Most Memphis construction contractors carry 60 to 90 days of unpaid invoices at any given time. A subcontractor finishing framing on a mixed-use project near the South Main Arts District submits a draw request, then waits. Payroll is due Friday. Material suppliers want payment before the next delivery. That gap between work completed and payment received is where construction businesses stall, and it is exactly the problem construction business loans from Rise Business Funding are structured to close.
Memphis is in an active building cycle. The Memphis MSA's Gross Regional Product surpassed $102.9 billion in 2023, a 5.8% year-over-year gain, and that growth is pushing commercial, industrial, and residential development across the metro. The logistics corridor around Memphis International Airport, the busiest cargo airport in North America with 3.8 million metric tons handled in 2024, continues to attract warehouse and distribution construction that keeps general contractors and specialty trades fully committed. Transportation and material moving already account for 17.6% of local employment, and every new distribution facility in North Memphis requires site prep, structural work, and buildout. Retail trade operators expanding along the Poplar Avenue Corridor need tenant improvement contractors. Automotive parts suppliers serving the Nissan assembly plant in Smyrna need facility upgrades. The demand for construction services across Tennessee is real, and the funding gap between mobilization and final payment is equally real. Invoice factoring converts your outstanding draw requests into immediate working capital without waiting on a general contractor's payment cycle.
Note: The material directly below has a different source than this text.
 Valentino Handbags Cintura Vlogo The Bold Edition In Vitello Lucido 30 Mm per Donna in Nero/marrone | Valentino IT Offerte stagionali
For larger capital needs, including equipment purchases, fleet expansion, or bonding requirements, Rise Business Funding structures equipment financing and long-term business loans around your project pipeline rather than your last two years of tax returns. Tennessee's Tennessee Works Tax Reform Act of 2023 raised the gross-receipts filing threshold and extended tax credit carryforward periods, which means your balance sheet may look stronger than it did two years ago. A business line of credit keeps you ready to mobilize on the next contract the day it is awarded.